La adoración es, en esencia, declarar lo que más valoramos. Como resultado, la adoración estimula nuestras acciones, convirtiéndose en la fuerza motriz de todo lo que hacemos y no hablamos solo de la gente religiosa. El cristiano. El que va a la iglesia entre nosotros. Nos referimos a todo el mundo del planeta tierra. Una multitud de almas que proclaman con cada aliento lo que es digno de su afecto, de su fidelidad. Proclamando a cada paso qué adoran.
Algunos de nosotros asistimos a la iglesia de la esquina profesando adorar al Dios vivo por sobre todas las cosas. Otros, que pocas veces ponen un pie en la puerta de la iglesia, dirían que adorar no es parte de su vida porque no son «religiosos». Sin embargo, todo el mundo tiene un altar. Y todo altar tiene un trono.
Así que, ¿cómo sabes dónde adorar y qué adorar? Es fácil. Solo sigue el rastro de tu tiempo, tu afecto, tu energía, tu dinero y tu fidelidad. Al final del sendero encontrarás un trono; y lo que sea, o quien sea que esté en ese trono, es lo que más vale para ti. En ese trono está lo que adoras.
Seguro, no muchos de nosotros andamos por ahí diciendo: «¡Yo adoro mis cosas. Adoro mi empleo. Adoro este placer. La adoro a ella. Adoro mi cuerpo. ¡Me adoro a m!’».
Con todo, el rastro nunca miente. Es posible que digamos que valoramos esta o aquella cosa más que cualquier otra, pero el volumen de nuestras acciones habla más alto que nuestras palabras. Al final, nuestra adoración es más sobre lo que hacemos que lo que decimos.
Todos adoramos siempre algo. ¿Y sabes qué? Somos en verdad buenos en eso. Si lo piensas, la historia no ha conocido escasez de adoración. La vida de la humanidad está llena de billones de pequeños ídolos.

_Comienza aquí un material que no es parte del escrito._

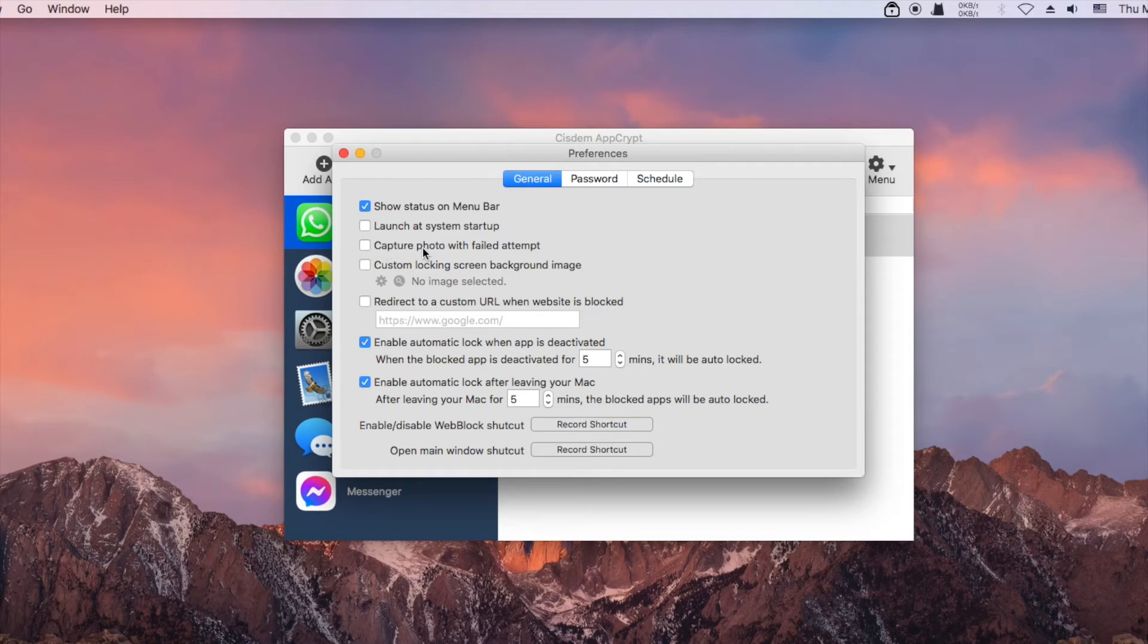If you select the capture photo with failed attempt checkbox, AppCrypt will take a picture of the person who enters the wrong password.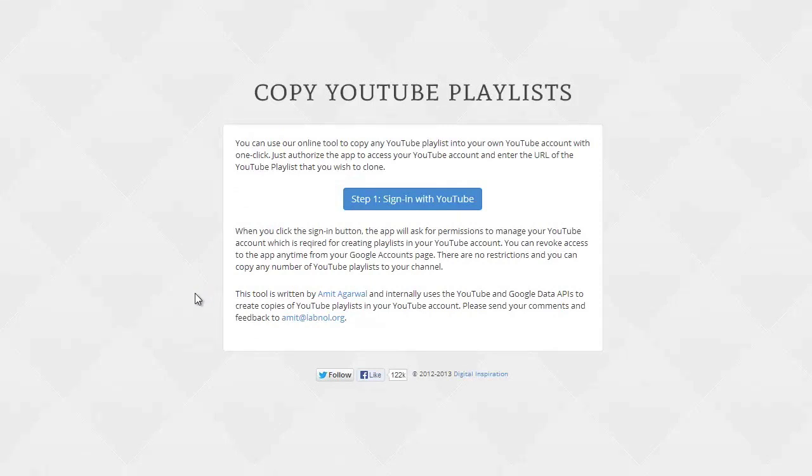Once you have figured out which playlist you want to copy to your YouTube account, just open this tool. You can find a link in the show notes and click the sign in with YouTube button.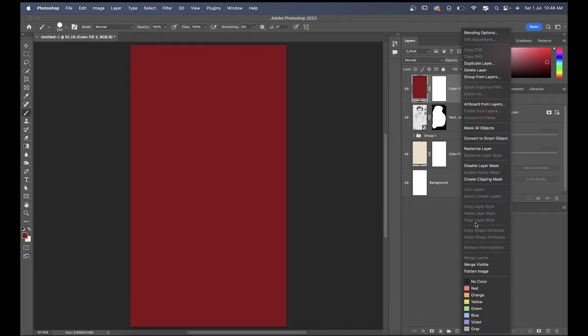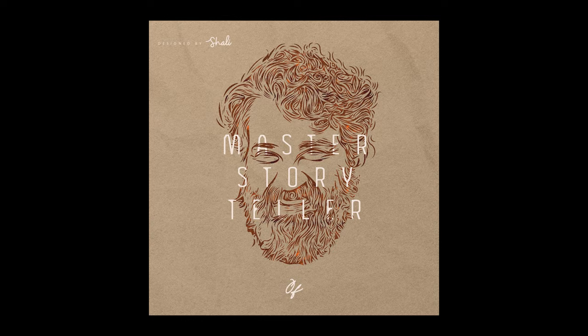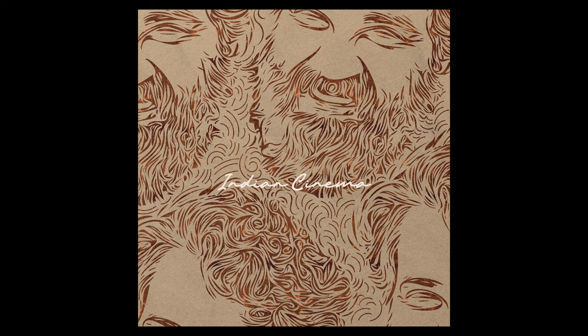And there you have it. With just a few simple steps, you can create this awesome line art using this effect. If you enjoyed this tutorial and found it helpful, please consider sharing it with others who might benefit from it.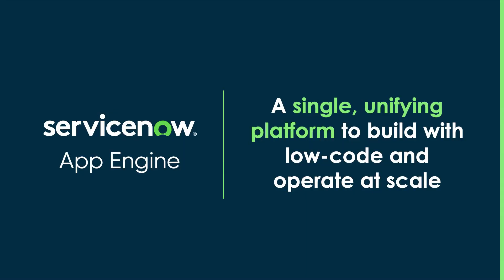With more people building with less complexity, App Engine lets you create low-code apps fast and safely scale cross-enterprise experiences users love.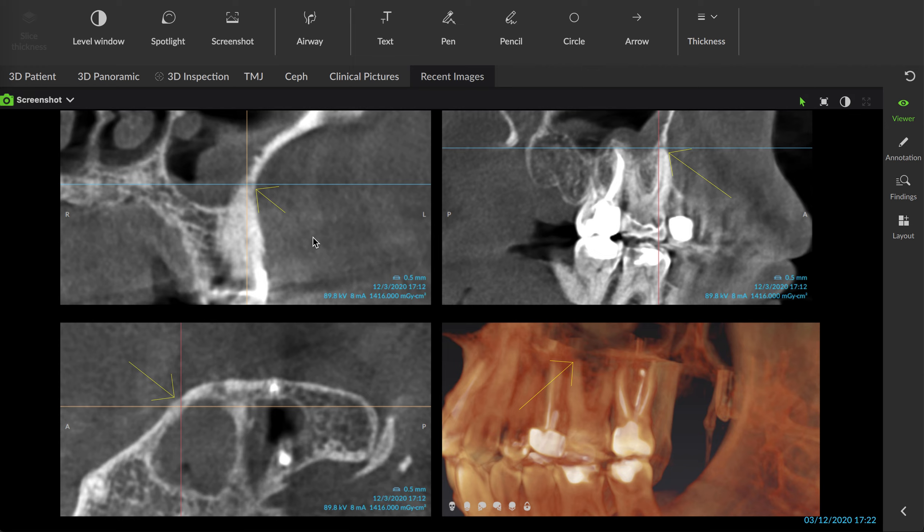Another case for you. This is a patient from last night. He presented at about 5 p.m. with really intense pain on his upper left.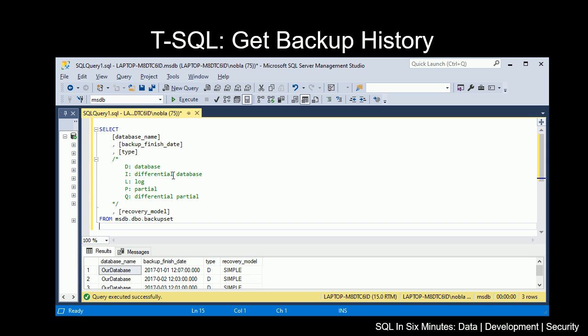If there was an I, it would be a differential database backup. If it was an L, it would be log. If it was P, it would be partial. And if it was Q, it would be differential partial. And there are other options if it's file instead.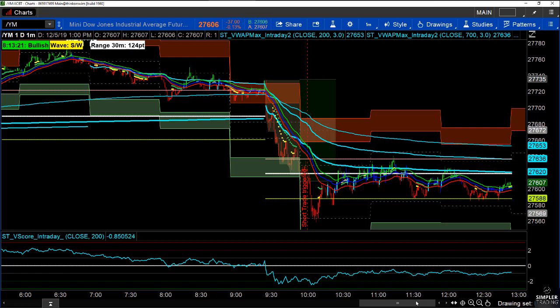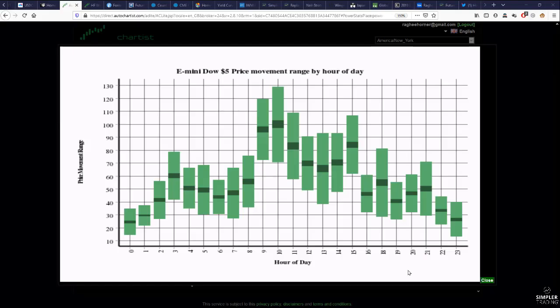In the premium video I will dive a bit into the different sessions and the price movement ranges we can anticipate — the Asian session, the Asian session overlapping with the European and UK session, and finally the European and UK session overlapping with the US. We'll talk about the 24-hour nature of day trading. Here is the Dow hourly price movement range — what I refer to as the HPMRs. This is midnight and this is 11 p.m., all Eastern.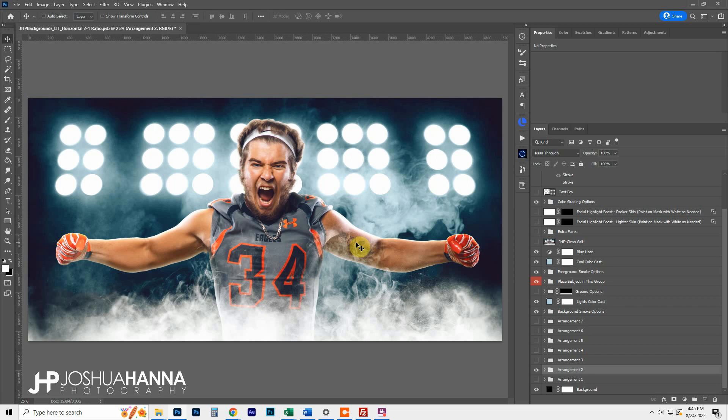I hope you get a ton of use out of this template. I hope it's versatile enough for all of your sports work, and I cannot wait to see what you guys start creating with this.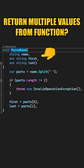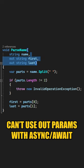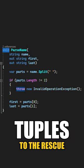Let's say you want to return multiple values from a function, so you decide to use out parameters. The problem with them is they are a little cumbersome to use, and you can't use them with async/await.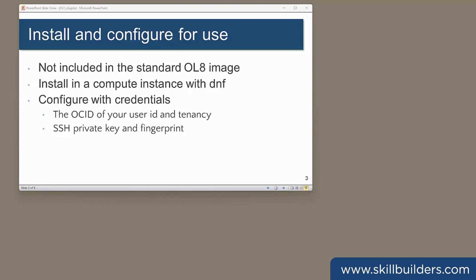Once installed, there's a bit of configuration. You can make that as complicated as you want, but the default usually works for me. All it needs to know is your tenancy and user identifiers, and the public-private key pair that you'll be using for authentication. So let's do it.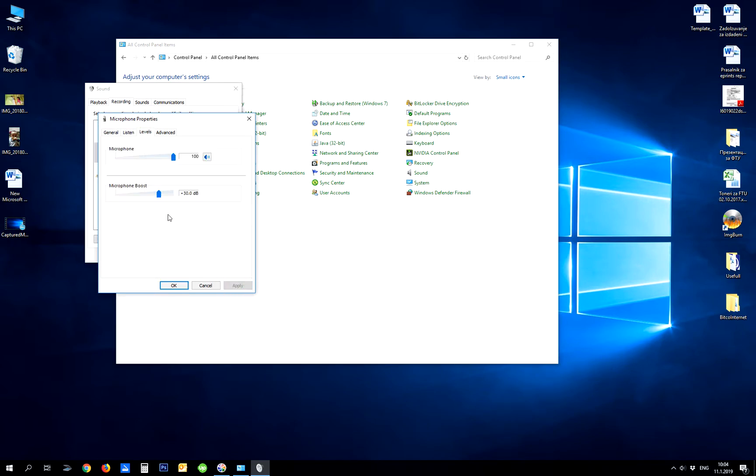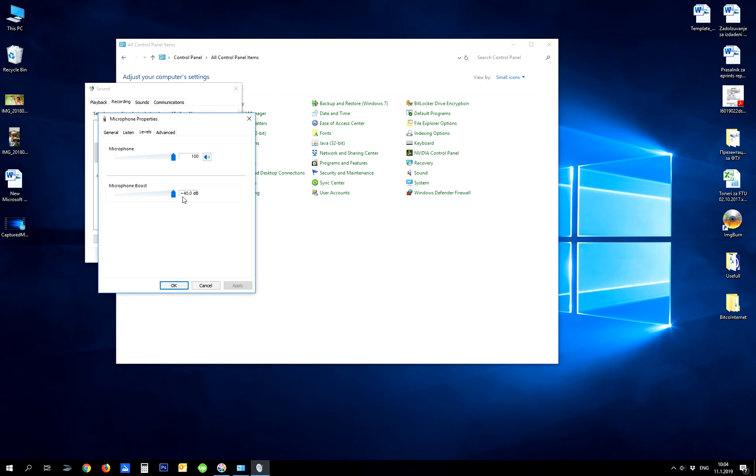In Levels, you can do microphone boost. You can boost your microphone from 0dB to 40dB. I'm using 30dB because it's the best setting for me, but you can try different levels.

Toda cultura, en cada rincón de la tierra, de todas las edades ha tenido sus dioses. Solo viaja alrededor del mundo y observa la adoración. Estudia las grandes civilizaciones y explora sus templos. La pregunta obligatoria para mí es: «¿Por qué?». ¿Por qué ansiamos algo para adorar? ¿Por qué nos atrae un ídolo tras otro de forma tan insaciable, necesitando con desesperación algo para defender, algo para exaltar, algo para adorar? ¿Cómo sabemos con seguridad que algunas cosas son más importantes que otras, más dignas de adoración? ¿Cómo sabemos siquiera que existen el mérito, la belleza, el valor?
Pienso que esto se debe a que nos diseñaron de esa manera. Nos hicieron para Dios. La Biblia lo dice de esta manera: Todas las cosas se han creado por medio de Él; y todas las cosas se hicieron para Él. Dios te creó. Ycomo si eso fuera poco, también te creó para Él. Como resultado, existe un radiocompás interno remachado en lo más hondo de tu alma que ansía de forma perpetua a su Hacedor. Un imán interno dirigido hacia Dios, halando tu ser hacia Él. Con la imagen de Dios impresa, sabemos que hay alguien al cual unirnos, alguien con quien encajamos, alguien a quien pertenecemos, en alguna parte que llamamos hogar. Es por eso que salimos del vientre equipados para la conectividad con Dios con la preconexión para la adoración. Y es por eso que, desde la más temprana edad, comenzamos a adorar.